Really crude coins. Look at the edges...
The coins vary in denomination, size and shape. They were very crudely made. They were handmade, said Albanese, who added that the coins worth at the time they were made was based on their weight.
I guess the coins were struck, then the edges nibbled off to get to the correct weight.
Is it too early to talk to, ‘The Big Guy’ about my Christmas Wish List?
“Santa, Baby...”
I have one from the Atocha with a gold necklace bezel done by Mel Fishers jeweler. One of the first ones sold.
It would be really fun to own a gold coin from a shipwreck lost in the days of the pirates!
“I have one from the Atocha with a gold necklace bezel done by Mel Fishers jeweler. One of the first ones sold.”
I’m jealous ...
You have me beat. I do have a “piece of eight” that was minted in Potosi, Bolivia. I don’t remember the date as I have it stashed away. I bought maybe 45 years ago.
I had a 1715 coin but never an Atocha piece. I bet yours is beautiful. My husband is good friends with one of the guys who dove on the Atocha so I got to see a lot of what was brought up.

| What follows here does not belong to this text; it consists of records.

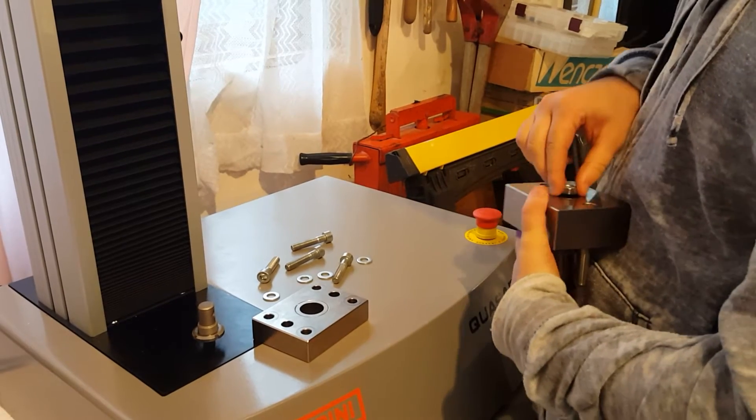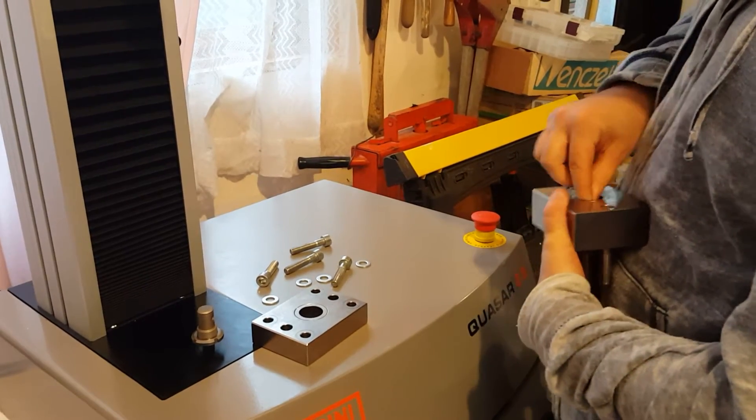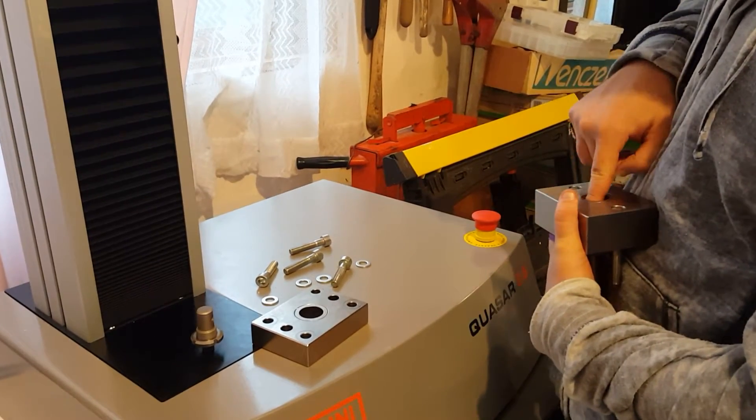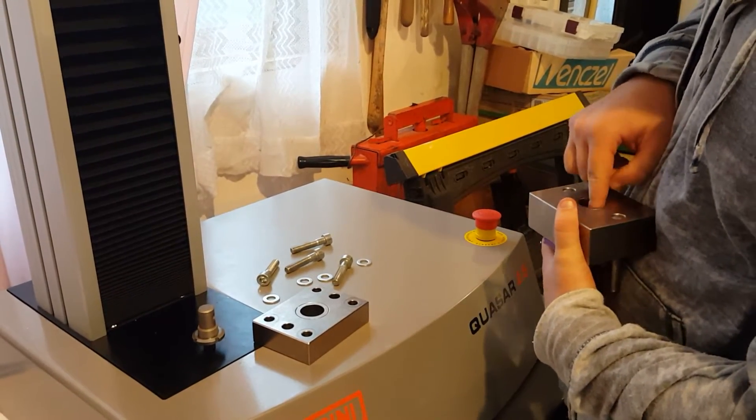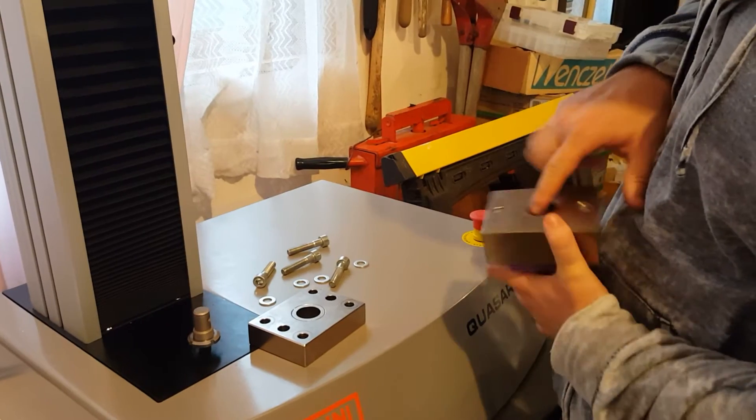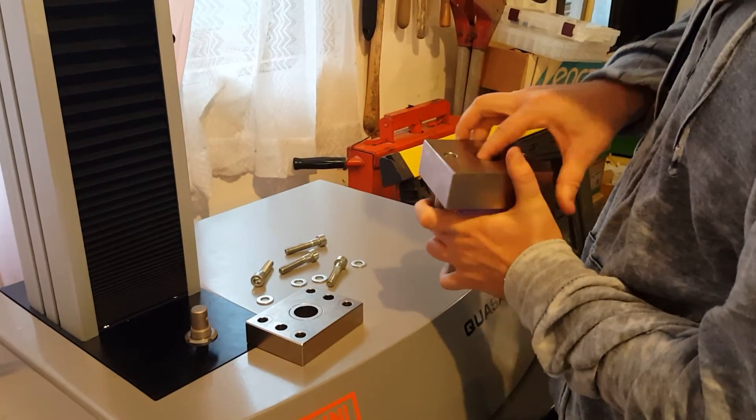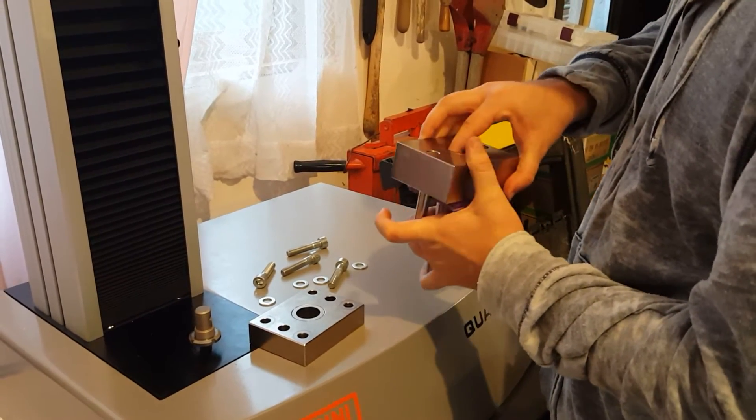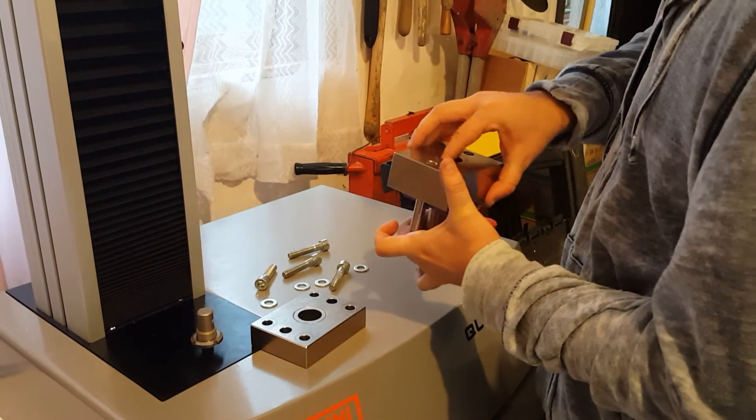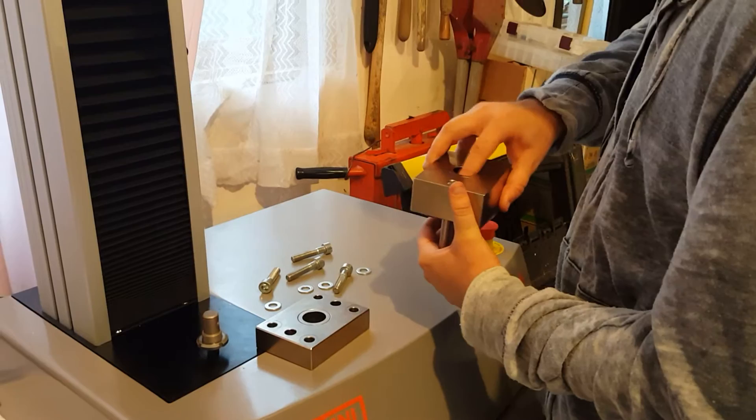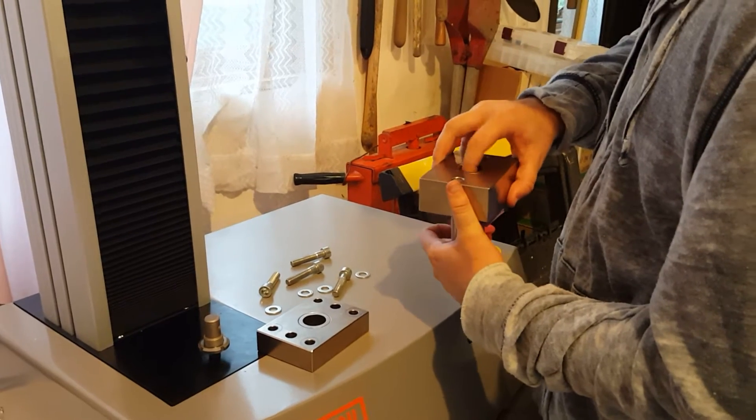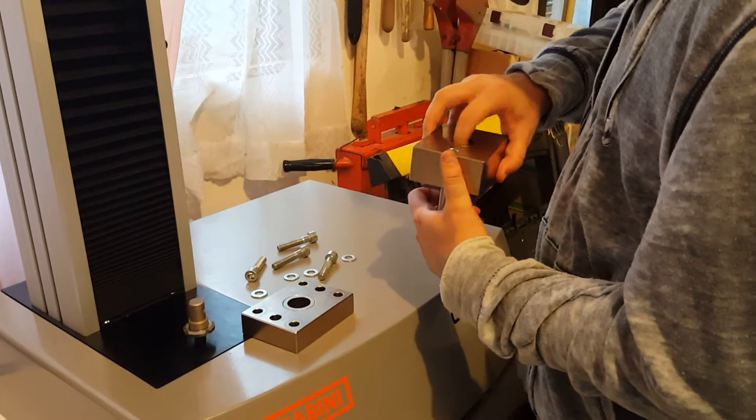We're going to get the nut to attach onto the bottom here. So it's kind of tight, but if you're having difficulty you can just use a socket wrench to get it done. We'll go ahead and tighten that on.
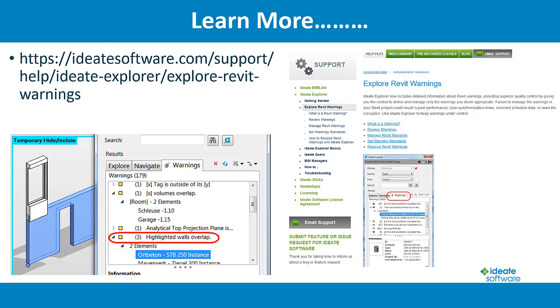ID8 software provides extensive online documentation on exploring and managing warnings within the ID8 Explorer environment. Please review our online help topics under Explore Revit Warnings.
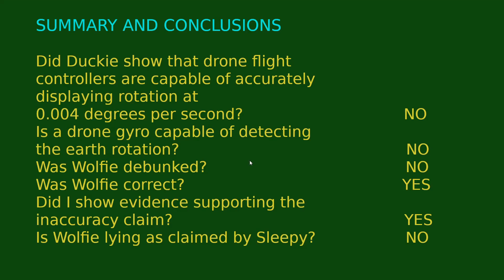In summary and conclusion. Did Ducky show that drone flight controllers are capable of accurately displaying rotation at 0.004 degrees per second? No, he didn't come close. Is a drone gyro capable of detecting the earth rotation? No. Based on the evidence? No. Was Wolfie debunked? No. Was Wolfie correct? Yes. Did I show evidence supporting the inaccuracy claim? Yes. Is Wolfie lying as claimed by Sleepy? No. So there you have it.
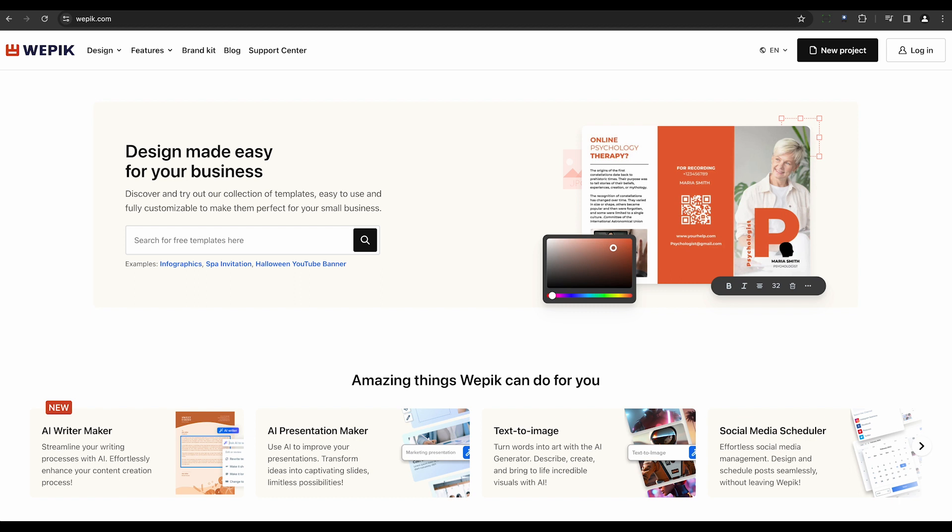WEPIC is a versatile graphic design platform. It empowers users to create stunning visuals effortlessly, providing customizable templates, high-quality graphics, and intuitive editing tools.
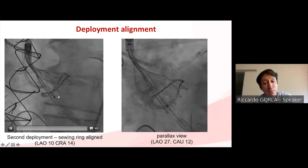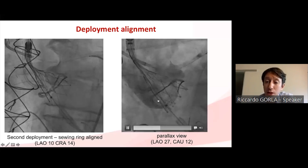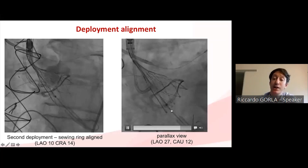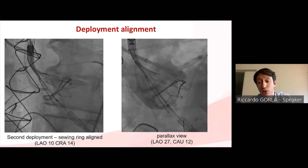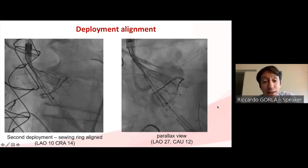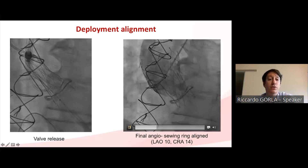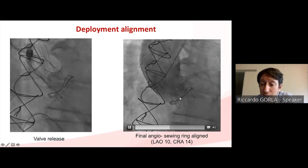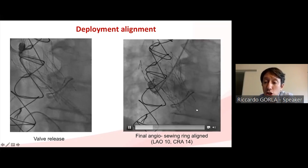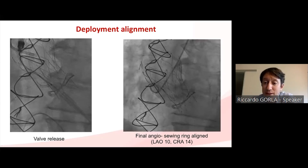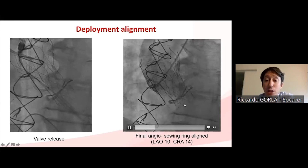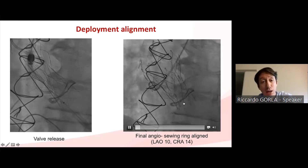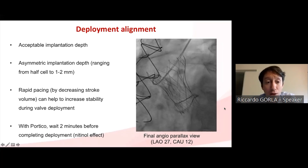On the second attempt, two stent struts were slightly deeper into the left ventricle. Checking again in the parallax view, we could clearly see all stent struts below the sewing ring of the Mitraflow. We were satisfied with this result and proceeded to the second part of the Portico deployment. The final result shows an asymmetric implantation depth, with some struts two to three millimeters below the sewing ring and others about half a cell below — approximately six to seven millimeters — which was acceptable.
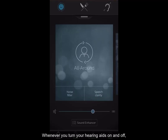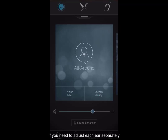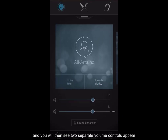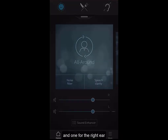Whenever you turn your hearing aids on and off, they will automatically reset to the volume your audiologist has programmed them to. If you need to adjust each ear separately, you need to click on the two lines next to the volume button and you will then see two separate volume controls appear — one for the left ear and one for the right ear.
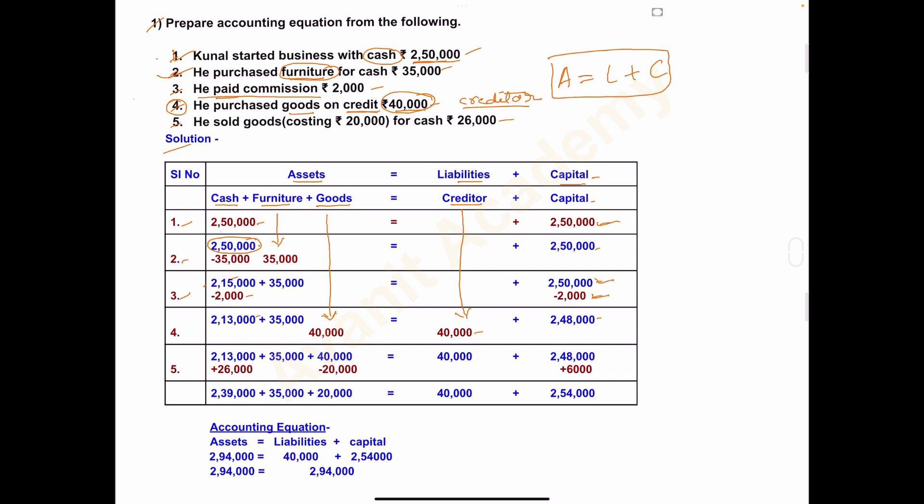Cash balance remains 2,13,000 (no cash payment was made). Furniture remains 35,000, goods are added as plus 40,000. Kunal now has a liability — creditor 40,000 — and capital remains 2,48,000.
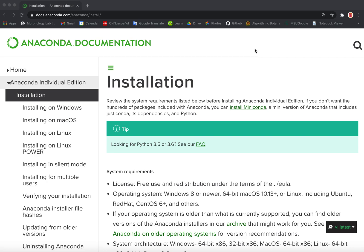Welcome to Plants and Python. In this video we're going to learn how to download Anaconda and get going with Jupyter Notebooks. The first step of course is to download and install Anaconda. With Anaconda will come Python, Jupyter, and a number of Python modules that are necessary for us to do analyses.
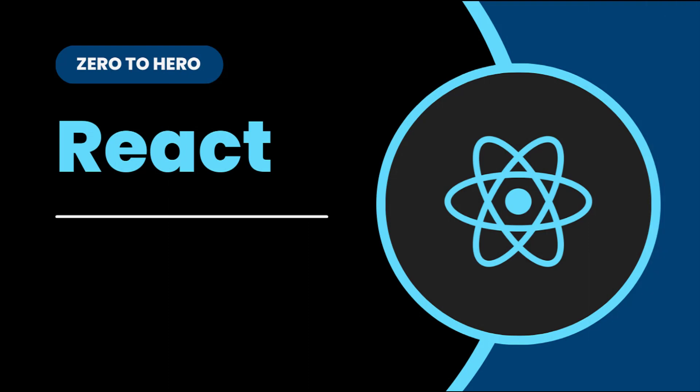Hi friends, welcome back to ReactJS Zero to Hero series. This series is for beginners who want to learn ReactJS from scratch.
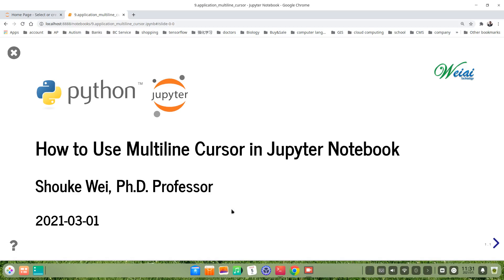Hello everyone, welcome to my video. In this video, I will introduce you how to use multiline cursor in Jupyter notebook.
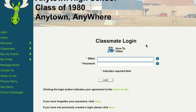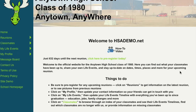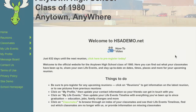First, enter the primary email address listed on your account. Then, enter your password. Click the Login button, and you can begin using your Class Reunion website's many features.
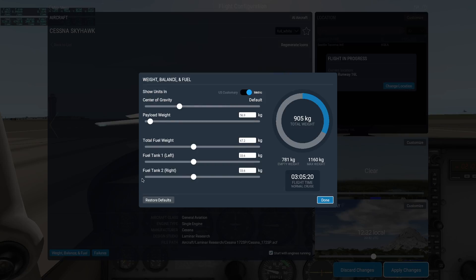So here in this window, we can use the sliders to set the aircraft's center of gravity, the weight of its payload, and the amount of fuel in its tanks.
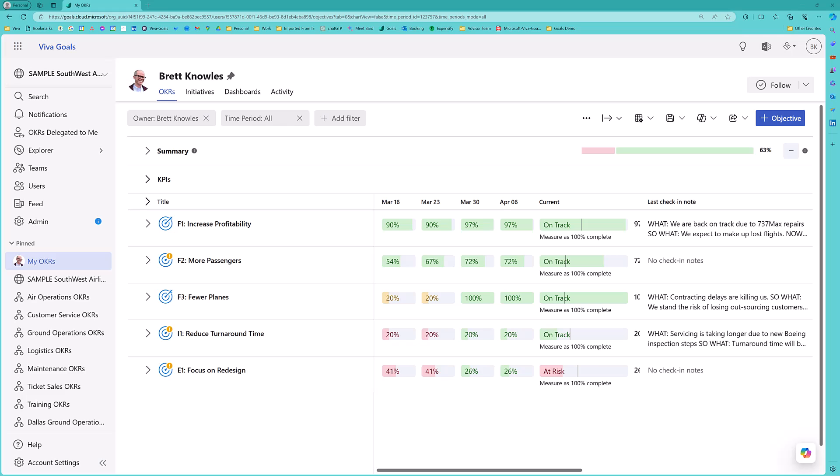Something like, what you cannot see, you cannot manage. And we need to make this stuff visible and build this agile muscle inside organizations.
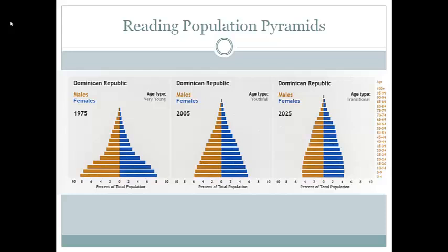When reading population pyramids, they tell you a lot of information. For example, here are three population pyramids for the Dominican Republic. You'll notice there are very different shapes. In 1975, there was a wide base, which indicates a high birth rate. In 2025, you'll notice that the bar lengths are shorter, indicating that they expect the birth rate to slow down.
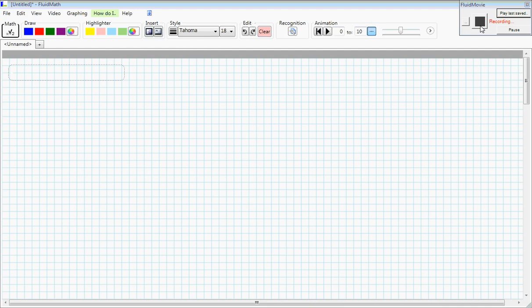This video demonstrates how you can use FluidMath to create a document with math expressions in it quickly. So a quick overview of FluidMath.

There is treasure off the coast of Crescent City
https://en.wikipedia.org/wiki/Brother_Jonathan_(steamer)
So did the .gov thieves get their pound of flesh? I imagine they did.
TREASURE PORN!!! It’s as good as gun porn! :-)
We have some other pieces that hubby found while diving off the coast here in California we sent them to a numismatist and he verified they were real. After research they determined they were from a ghost ship, a ship that disappeared but no one really knew where.
That’s super cool.
Interesting. I like that kind of stuff if you will.
Me too. That era has always fascinated me and then you add in my love for the sea. We have a sailboat that hubby used to dive. Now it’s my floating condo. Rarely take it out.
It was very interesting to hear about the dive.
Note: this topic is from . Thanks nickcarraway.
No.
They are ‘cobs.’
A chunk of approximately the right weight was literally cut off bar gold (or silver) with chisel, then the chunk put in the die and struck. If enough of the markings appeared on the cob, it was legal tender and issued.
But, yes, if the cob was overweight, they’d clip off a piece.